Posted: April 18, 2008 5:49 p.m.
Updated: June 19, 2008 5:02 a.m.
Imagine if your kids go to the bank to get their inheritance after you die, and the bank won't give them the money unless they go to court for months and spend thousands of dollars in probate fees. Imagine if you give all your money to your spouse after you die, but then the government steps in and takes a huge chunk of your assets that were intended for your heirs.

What if you pass away and your wife marries a man who eventually becomes co-owner on all your property, which ultimately leads to the unintentional disinheritance of your kids? Imagine if all your personal information were basically available for anyone to see via court records and proceedings. What if you could avoid headaches like this by creating a living trust?

Not just for the rich
Many people do not consider a living trust because there is a perception that trusts are only for the rich. Some believe those with living trusts live in huge mansions on acres and acres of property.

They speak with fake British accents, play sophisticated games like croquet, go to fancy ballroom parties and eat caviar all day.

Did you ever wonder how the rich manage to keep their wealth in the family and pass it on from generation to generation? Many wealthy families use living trusts. Now more than ever, the "not-so-wealthy"
have figured out that living trusts don't belong to the rich.

Nowhere in the law books does it say that living trusts belong exclusively to the wealthy. One of the most popular tools for preserving and managing your wealth (no matter how much you have) is the living trust. Don't worry. You won't have to attend fancy parties or eat caviar!

What about your stuff
If you have any "stuff," then you should consider what happens to that stuff during your life and when you're gone. You've worked hard to accumulate all the "stuff" you have. If you gather all the stuff you own, it is known as your "estate." When you make plans for your stuff, you are engaging in the wise activity of "estate planning." If you own "stuff," and you want to manage and preserve that "stuff," then you need an estate plan.

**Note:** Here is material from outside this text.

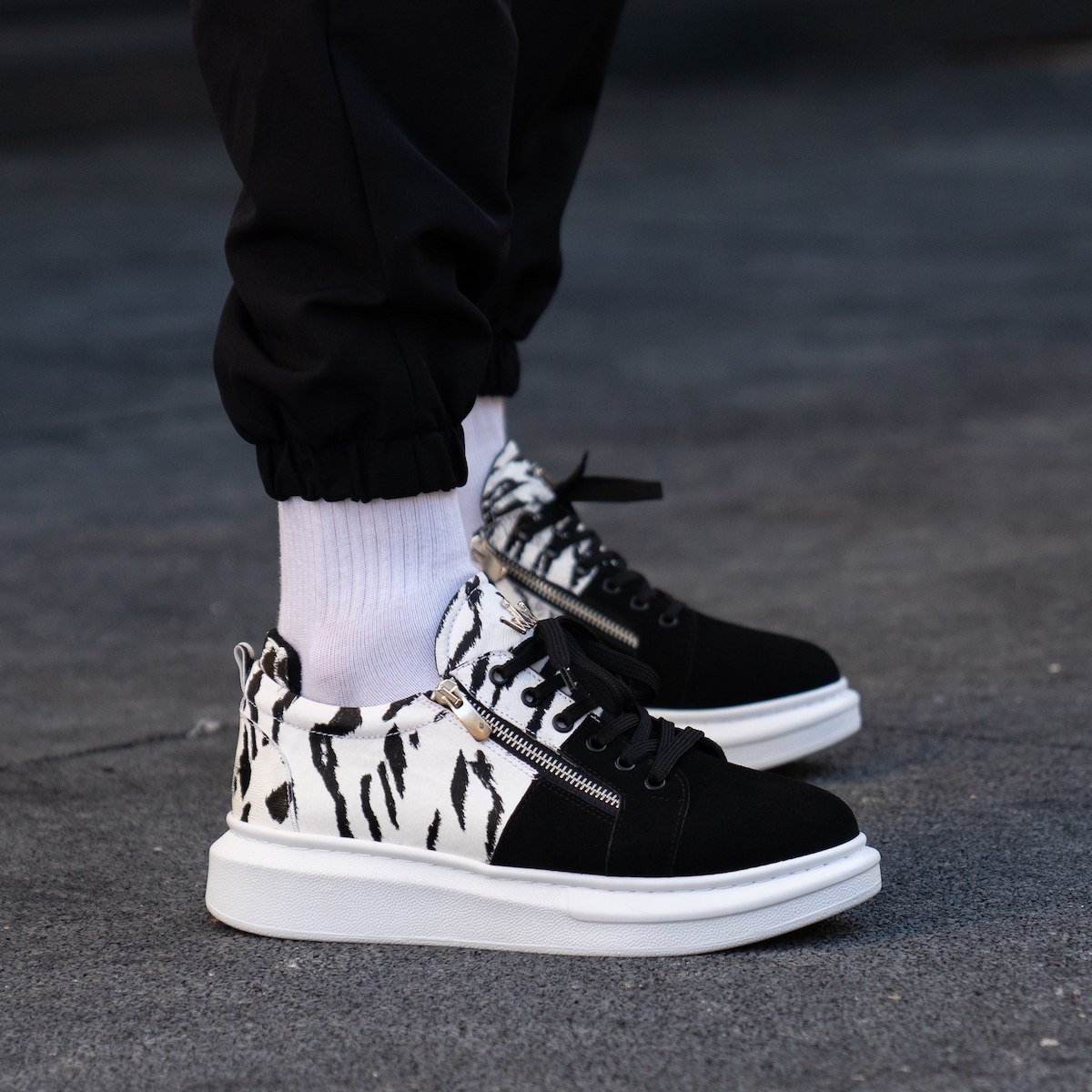 Hype Sole Zipped Style Sneakers in Black Suede Zebra Design - 1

People with smaller or mid-size estates often don't consider estate planning. They figure, or they've been told, they don't have enough "stuff" to worry about it. They are told their estate is not large enough to consider a trust. In fact, smaller estates may have more to lose because probate-related fees (and taxes in some cases) can take a huge bite out of the smaller estate. In some cases, if you have less than other people, then you arguably have more to lose if you fail to plan.

When you make a living trust, you are known as the "settlor" (you may have also seen "trustor" or "grantor"). Now, imagine a large box as your living trust. You will put almost everything you own into this box. This is called "funding" the living trust. However, the great thing is that you get to maintain control over everything in the box, just as before. In fact, you probably won't notice any difference at all. The box's purpose to keep your "stuff" safe, for your sake and for the sake of your ultimate beneficiaries.

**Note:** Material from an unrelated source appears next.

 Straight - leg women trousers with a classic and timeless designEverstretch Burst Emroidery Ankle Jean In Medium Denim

Then you will appoint a gatekeeper known as the "trustee" whose job it is to keep all your stuff safe. In your living trust, you will set out a list of instructions for your trustee. If you've ever hired a babysitter, you've likely given him or her a list of instructions. However, most people have not taken the time to do the same on a larger scale.

Purpose of the living trust
The purpose of the living trust is to avoid probate, reduce estate taxes, preserve your privacy and manage your financial affairs. If you don't plan ahead, court intervention is almost certain. If you end up in court, that means you and/or your family will have to spend money on court filing fees, paperwork, attorneys, probate fees, appraisal fees and more (not to mention the time it takes and the emotional toll such a process involves). With a properly-created revocable living trust, you can avoid headaches such as those mentioned at the outset of this article. Imagine that.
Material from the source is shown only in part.